Ah şu ayakkabılarım, ne ziftler ne çamurlar gördü de yağmurda temizlendiler. Kaç çeşit zift, kaç çeşit yağmur gördüler bilinmez, bağcıkları da eskidi zaten zorlasam kopacaklar, ziftlerden çamurlardan da çıkmayan lekeler kalmış.
Ah şu gömleğim, hiç benzememişsin ayakkabılarıma seni kuşanmak için hep bi masumiyetlik derecesinde özellik aramışım, yakana hep bi orospu busesi aramışım kollarına gümüşten kol düğmeleri..
Ah şu gri baba yadigari saatim, kime geç kaldırdın beni ? kime erken götürdün? Zamana karşı niye hep yenilgiye uğrattın beni? Ben sol kulvardan dakikaları sayarken beni yıllarca geriye gönderdin?
Ah kalbim,göğüs kafesim, saçlarım,parmaklarım,elmacık kemiklerim. Size onca sevgi aradım da bulamadım.

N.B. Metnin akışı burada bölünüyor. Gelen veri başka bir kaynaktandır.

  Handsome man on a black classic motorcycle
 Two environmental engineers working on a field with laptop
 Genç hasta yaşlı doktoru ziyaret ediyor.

Velhasıl kelam ben bir ayakkabı, bir gömlek, bir saat olabilirim hepsinin hikayesi aynıdır eskiyince,bozulunca, tökezleyince hepsinin yeri aynı. Hepimizin yeri aynıdır dünyada bi elbise gibiyiz yavaş yavaş eskiyicez. Benim farkım sokak köşelerinde makul fiyata satılan siktir çekilmiş gibi yapılan bir saat olmam sizden çok önce bozuldum ve ufak bi tiyo vereyim. Buraya geldiğinizde işler çok boka sarıyor.